*** Opening of Dataset excerpt ***
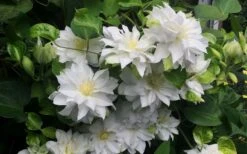 Arctic Queen Clematis - 1 Gallon Pot -Stylish Garden Plant Store clematis arctic queen 5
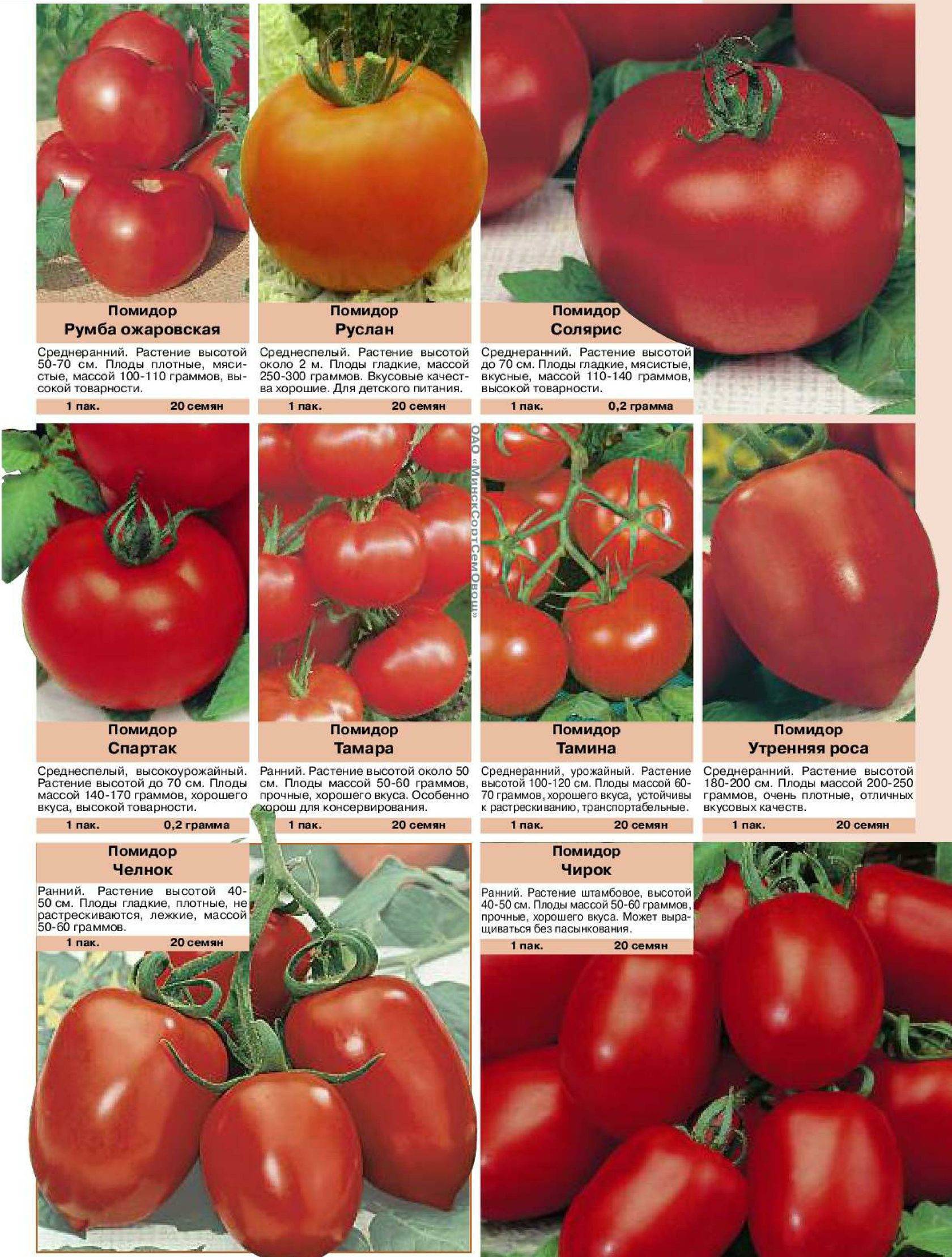 Лучшие сорта помидоров для выращивания в Витебской области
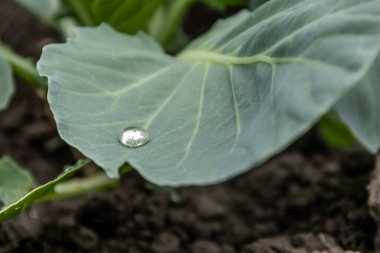 Bahçedeki bir yatakta büyüyen genç lahana. Organik sebze yetiştiriyor..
*** Close of Dataset excerpt ***
**Goal of the exercise**:
Please write out all of the material above without changing a word, and omit any pictures.

**Written solution**:
 Arctic Queen Clematis - 1 Gallon Pot -Stylish Garden Plant Store clematis arctic queen 5
 Лучшие сорта помидоров для выращивания в Витебской области
 Bahçedeki bir yatakta büyüyen genç lahana. Organik sebze yetiştiriyor..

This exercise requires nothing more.